Lady Sarah Bunbury Sacrificing to the Graces
Joshua Reynolds·1763–65
Historical Context
Reynolds's Lady Sarah Bunbury Sacrificing to the Graces, painted 1763-1765 and now in the Art Institute of Chicago, is among his most intellectually ambitious portraits — a painting that places a real contemporary woman in a scene of classical religious ritual, elevating her not through flattery but through the kind of aesthetic idealization that he argued in his Discourses to the Royal Academy was the proper aim of the 'grand manner.' Lady Sarah Lennox had been romantically connected to the young George III before his marriage, and her subsequent disastrous marriage to Sir Charles Bunbury made her a figure of public sympathy and social interest. Reynolds chose the allegory of sacrifice to the Graces as his fictional context — a painting-within-a-painting strategy in which the sitter performs a classical role while remaining visibly herself. The Art Institute of Chicago acquired this work as a centerpiece of its British eighteenth-century collection, and the painting represents Reynolds's most successful fusion of his portrait and history-painting ambitions.
Technical Analysis
The ambitious composition combines portraiture with history painting conventions. Reynolds's handling of the classical drapery and sacrificial scene demonstrates his academic ambitions, while the portrait likeness maintains naturalistic warmth.
Look Closer
- ◆A real named woman — Lady Sarah Bunbury — performs a classical sacrifice at an ancient altar, deliberately blurring portrait and history painting.

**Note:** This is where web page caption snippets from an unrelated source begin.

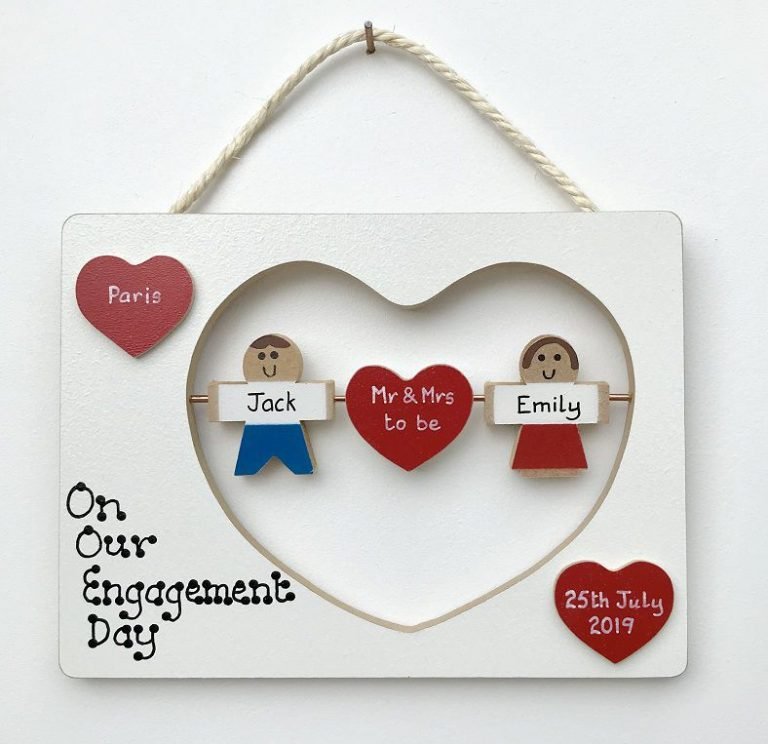 Personalised Engagement Plaque Farna Crafts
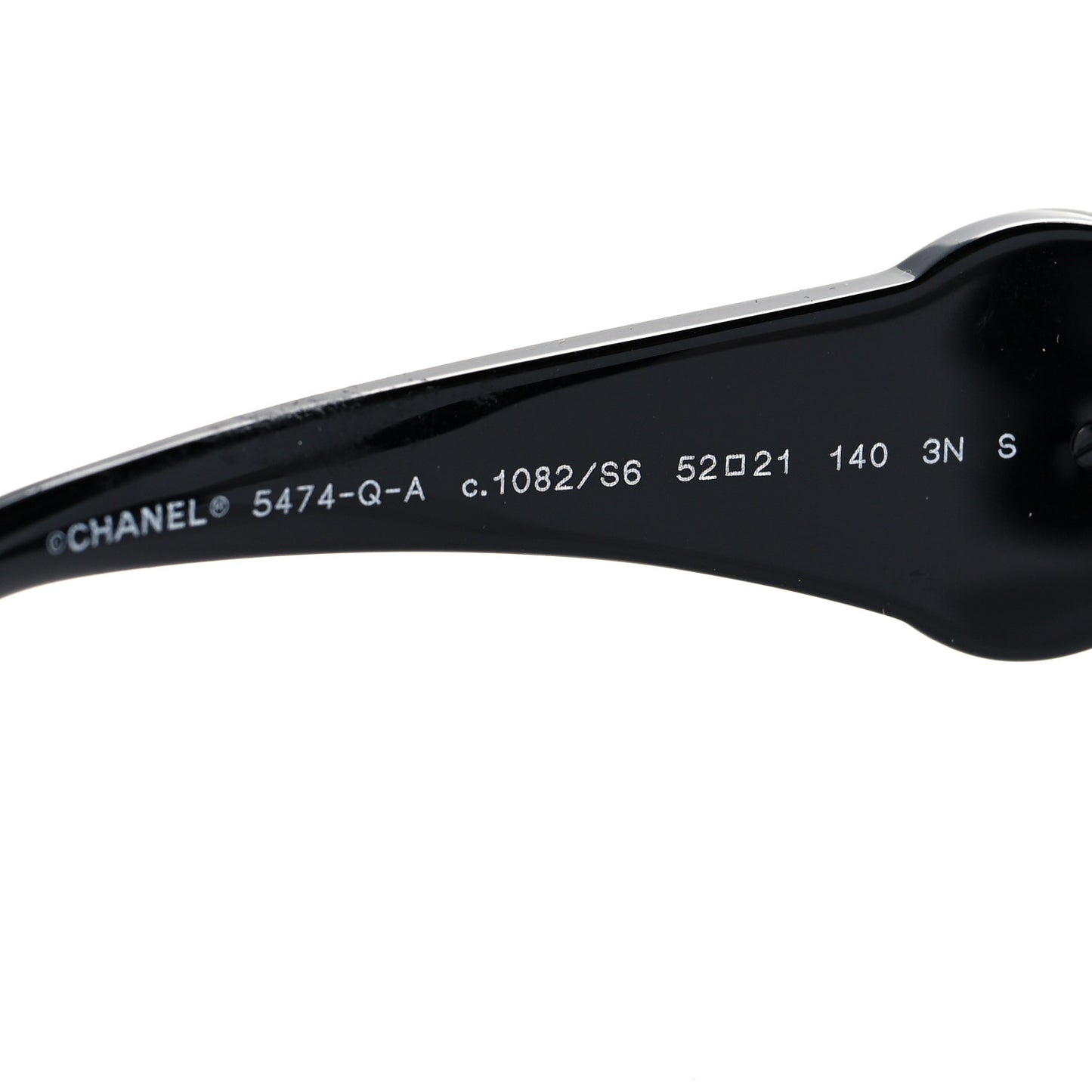 Acetate Calfskin Square Sunglasses 5474-Q-A Black White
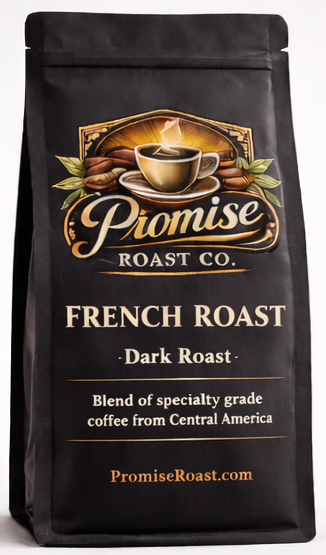 Black coffee bag labeled 'Promise Roast Co. French Roast' on a white background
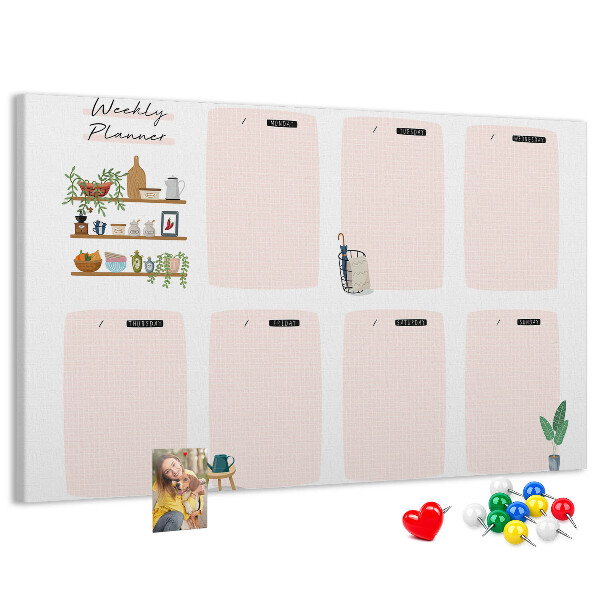 Cork display board Weekly planner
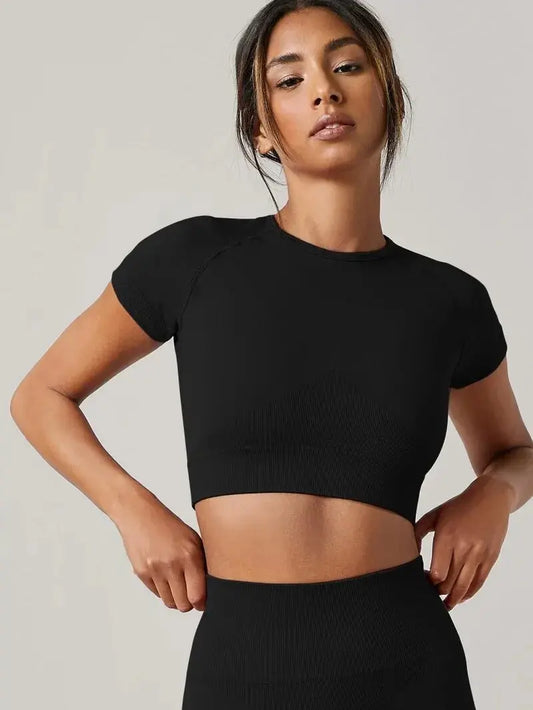 Seamless Short Sleeve Fitted Crop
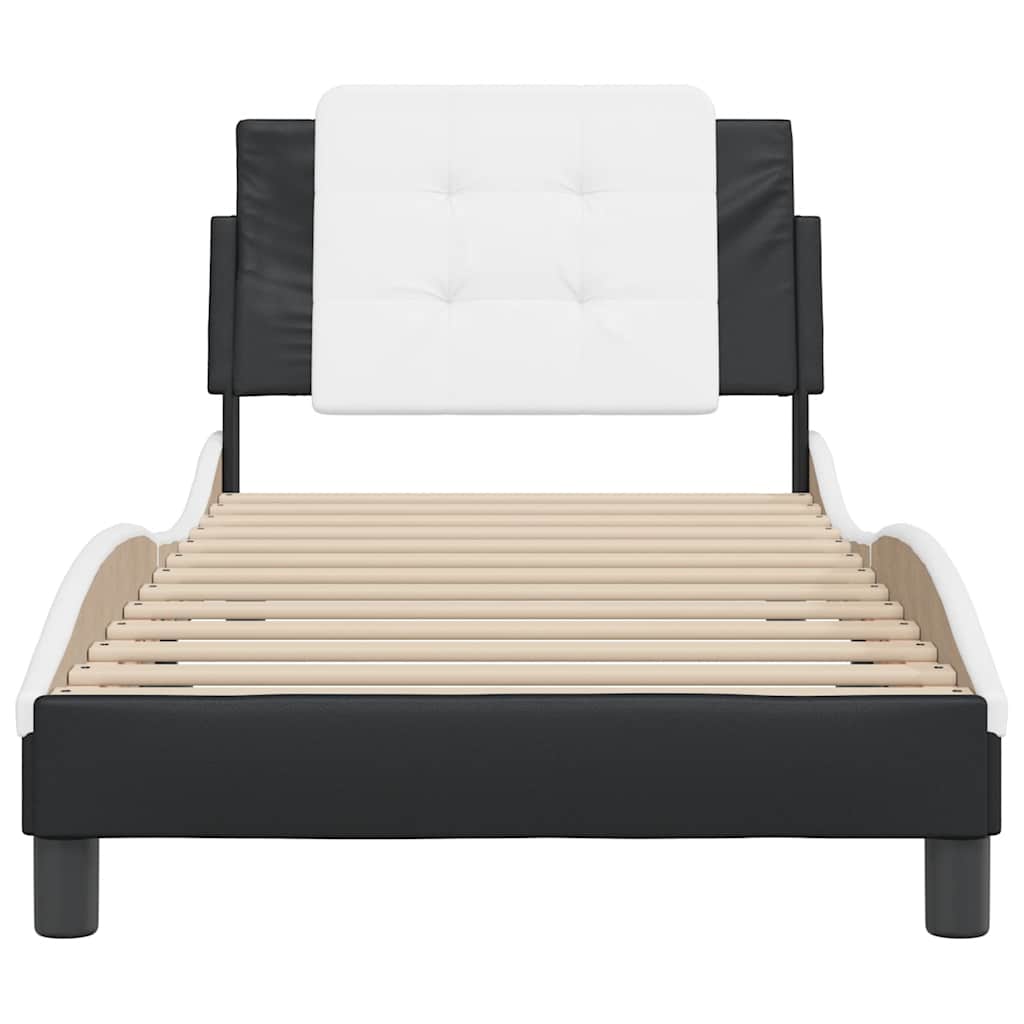 vidaXL Bedframe zonder matras "Zadar" kunstleer zwart en wit 80x200 cm, foto 4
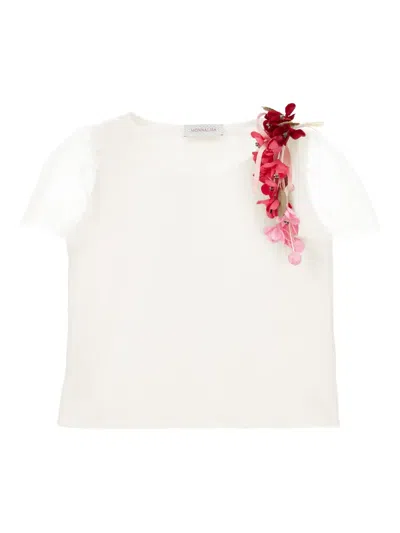 Monnalisa Kids' Floral-appliqué Blouse In White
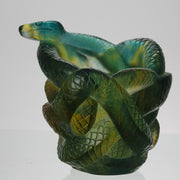 Serpent Vase by Daum Glass a stunning and most striking limited edition vase in the form of a coiled snake, exhibiting excellent translucent green and yellow colours
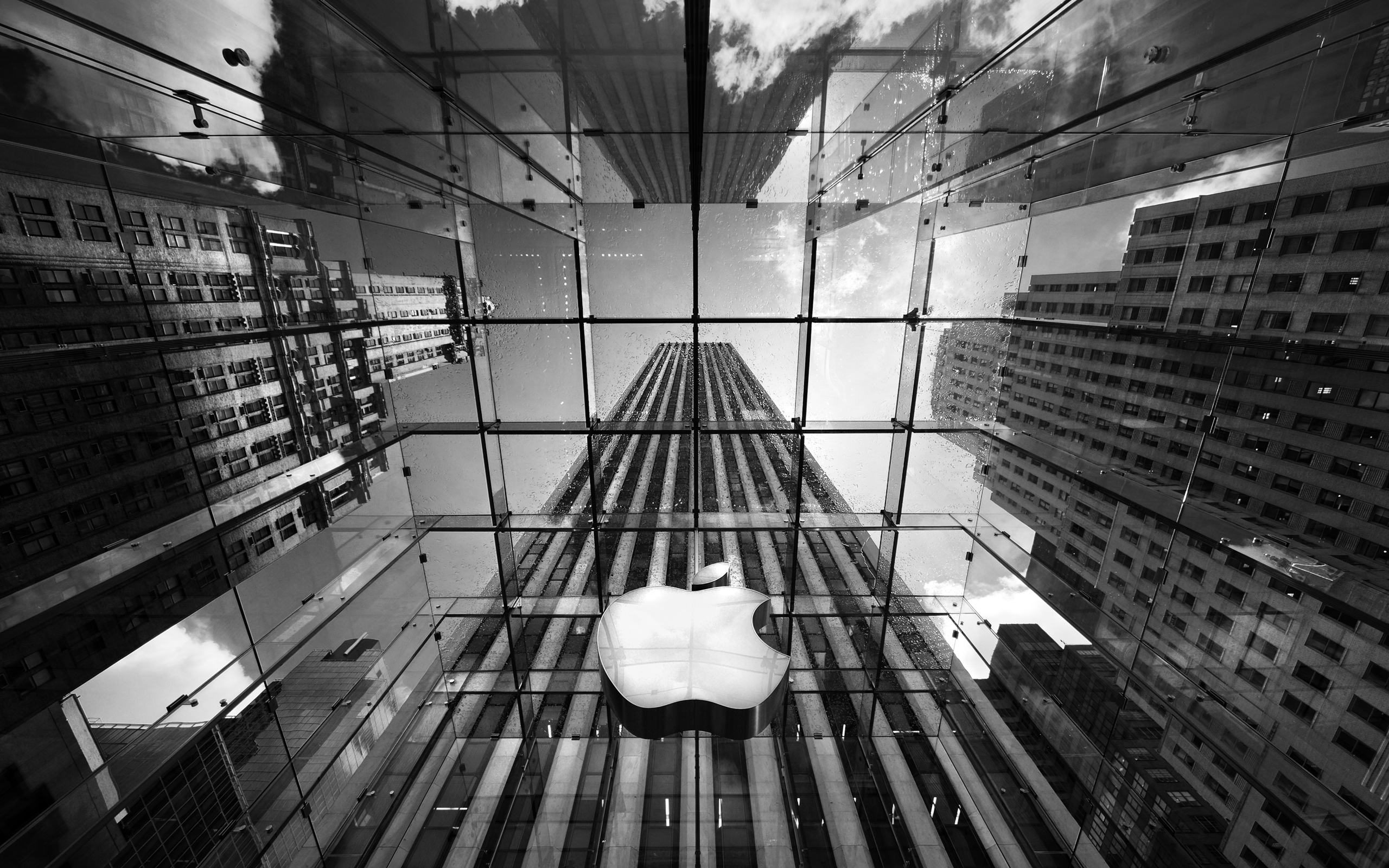 Обои черно-белая, небоскребы, логотип, эппл, black and white, skyscrapers, logo, apple разрешение 2560x1600 Загрузить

- ◆Reynolds gives her classical drapery in place of contemporary dress, elevating the society sitter to the status of mythological participant.
- ◆The votive flame and altar communicate learning and classical allusion, functioning as attributes rather than mere decoration.
- ◆The outdoor Arcadian landscape behind the scene sets the sacrifice in a timeless world rather than any specific English location.
Provenance
Commissioned by Sir Thomas Charles Bunbury, sixth Bt. (d. 1821), husband of the sitter, apparently for 250 gns [Malcolm Cormack, “The Ledgers of Sir Joshua Reynolds,” Walpole Society 42 (1968–70, pp. 112, 145]; by descent to his nephew’s grandson, Sir Henry Charles John Bunbury, tenth Bt., Barton Hall and Mildenhall, Suffolk, to at least 1905 [Armstrong 1905]. Charles J. Wertheimer (d. 1911), London, by 1908 [according to London 1908]; sold Christie’s, London, May 10, 1912, no. 63, to Sulley [see London 1986]. Henry Reinhardt Gallery, New York and Chicago, by 1915; sold by Reinhardt to Mrs. W. W. Kimball (d. 1921), Chicago, 1915 [see American Art News 1915]; on loan to the Art Institute of Chicago from 1920; bequeathed to the Art Institute, 1922.